2. SPARQL - RDF Querying Language
SPARQL is a SQL like querying language for RDF data. SPARQL gives you the ability to query a system with constraints, and get back an interesting set of data. Think of it as a way of standardizing SQL queries across multiple systems. You can map your SQL Database to SPARQL if you want to share your data, making SPARQL not only the query language but also a transition mechanism, and way of opening up access to your data in a standardized and useful way. Think mashups in 50 lines of code and 10 minutes, or better yet: mashups-on-the-fly.
3. OWL - Web Ontology Language
OWL is a method of describing Ontologies - or loosely the connections and meanings of objects and relationships - contained in a document which can then be parsed easily by a machine.

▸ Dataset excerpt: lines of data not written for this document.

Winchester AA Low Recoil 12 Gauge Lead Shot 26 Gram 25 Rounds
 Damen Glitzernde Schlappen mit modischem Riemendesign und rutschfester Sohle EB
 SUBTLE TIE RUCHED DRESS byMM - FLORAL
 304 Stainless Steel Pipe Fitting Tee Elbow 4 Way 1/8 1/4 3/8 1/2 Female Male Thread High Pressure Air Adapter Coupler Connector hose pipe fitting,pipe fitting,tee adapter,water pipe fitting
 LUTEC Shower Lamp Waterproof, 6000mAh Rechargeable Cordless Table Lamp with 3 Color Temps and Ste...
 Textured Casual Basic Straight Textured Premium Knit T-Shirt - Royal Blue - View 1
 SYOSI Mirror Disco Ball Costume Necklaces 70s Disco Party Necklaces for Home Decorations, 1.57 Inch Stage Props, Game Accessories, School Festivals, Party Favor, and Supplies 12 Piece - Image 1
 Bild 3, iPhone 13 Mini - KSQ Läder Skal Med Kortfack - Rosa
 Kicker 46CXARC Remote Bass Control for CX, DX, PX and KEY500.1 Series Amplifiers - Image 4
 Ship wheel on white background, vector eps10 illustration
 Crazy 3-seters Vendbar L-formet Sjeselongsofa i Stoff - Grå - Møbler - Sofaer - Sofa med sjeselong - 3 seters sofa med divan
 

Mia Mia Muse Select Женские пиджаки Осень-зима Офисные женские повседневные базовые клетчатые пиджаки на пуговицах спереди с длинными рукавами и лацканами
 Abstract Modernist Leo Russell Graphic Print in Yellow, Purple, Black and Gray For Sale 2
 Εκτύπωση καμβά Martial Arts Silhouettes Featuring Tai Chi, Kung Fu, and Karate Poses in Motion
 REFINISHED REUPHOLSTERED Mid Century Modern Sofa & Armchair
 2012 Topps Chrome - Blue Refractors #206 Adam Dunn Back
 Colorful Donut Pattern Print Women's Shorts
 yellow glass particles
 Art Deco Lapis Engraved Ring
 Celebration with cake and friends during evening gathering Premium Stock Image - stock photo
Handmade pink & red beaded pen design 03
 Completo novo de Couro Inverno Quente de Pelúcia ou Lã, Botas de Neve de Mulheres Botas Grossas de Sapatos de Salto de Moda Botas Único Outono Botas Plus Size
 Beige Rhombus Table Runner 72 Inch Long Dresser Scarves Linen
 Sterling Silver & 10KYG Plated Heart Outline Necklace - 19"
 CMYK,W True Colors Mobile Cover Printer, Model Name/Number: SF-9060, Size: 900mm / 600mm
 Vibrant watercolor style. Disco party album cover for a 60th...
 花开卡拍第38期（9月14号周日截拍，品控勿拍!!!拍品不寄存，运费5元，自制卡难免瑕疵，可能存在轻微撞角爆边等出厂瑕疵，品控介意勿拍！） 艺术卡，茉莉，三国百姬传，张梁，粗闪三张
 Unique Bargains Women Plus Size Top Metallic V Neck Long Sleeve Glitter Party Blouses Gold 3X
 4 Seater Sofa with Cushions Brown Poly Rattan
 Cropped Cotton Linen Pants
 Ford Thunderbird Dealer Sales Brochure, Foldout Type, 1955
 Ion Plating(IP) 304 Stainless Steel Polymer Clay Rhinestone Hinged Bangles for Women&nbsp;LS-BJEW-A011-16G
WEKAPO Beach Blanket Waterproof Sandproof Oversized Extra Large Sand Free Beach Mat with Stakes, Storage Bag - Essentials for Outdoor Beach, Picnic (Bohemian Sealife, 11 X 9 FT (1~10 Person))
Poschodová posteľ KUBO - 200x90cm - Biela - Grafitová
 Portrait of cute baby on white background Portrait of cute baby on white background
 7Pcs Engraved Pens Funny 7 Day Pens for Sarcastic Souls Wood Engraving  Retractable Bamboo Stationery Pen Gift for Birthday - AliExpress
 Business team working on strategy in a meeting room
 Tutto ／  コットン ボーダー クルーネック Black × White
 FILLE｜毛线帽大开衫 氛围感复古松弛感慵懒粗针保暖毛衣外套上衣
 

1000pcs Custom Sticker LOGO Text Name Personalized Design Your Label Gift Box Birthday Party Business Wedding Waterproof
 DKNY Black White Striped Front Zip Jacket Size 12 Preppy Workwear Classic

What this means, is that understanding OWL means understanding the future of knowledge transfer not only between machines, but between machines and people. Because OWL was designed for computers, it’s not really easy to read on your own; This is what an OWL format file written in XML looks like. OWL will make it possible to ask plain language questions to computers. For example, “Where in Vancouver can I buy wines that taste good with smoked gruyere cheese” is a query that you have to rewrite in your head, and perform a knowledge transfer yourself into a secondary query to get the results you need. Information described in OWL will eliminate that need.
4. XMPP - Extensible Messaging and Presence Protocol
XMPP is going to enable a whole bunch of cool things, and while it’s not necessarily a semantic technology if an of itself, it lends itself to what I call a naturalized online conversation. Computers shouldn’t have to poll for data. What if systems could let each other know about information, contextualize it, combine elements of that data with resources from a 3rd party, and deliver to you a summary of information, all in real-time? When a website becomes a conversational knowledge transformation system it’s no longer a website - It’s a friend telling you what you need to know.
5. OpenID - Distributed Authentication Model
All of this information is going to have to be trusted, as are the sources and people using that information. OpenID is the perfect solution to identifying and creating web’s of trust among and between environments. An authentication system would allow you to provide selective access to specific queries. Because OpenID already uses URI’s as their main identifier, it fits perfectly within the RDF model. With this model you could create levels of trust, weigh the validity of your results, and distinguish between systems trying to access your data.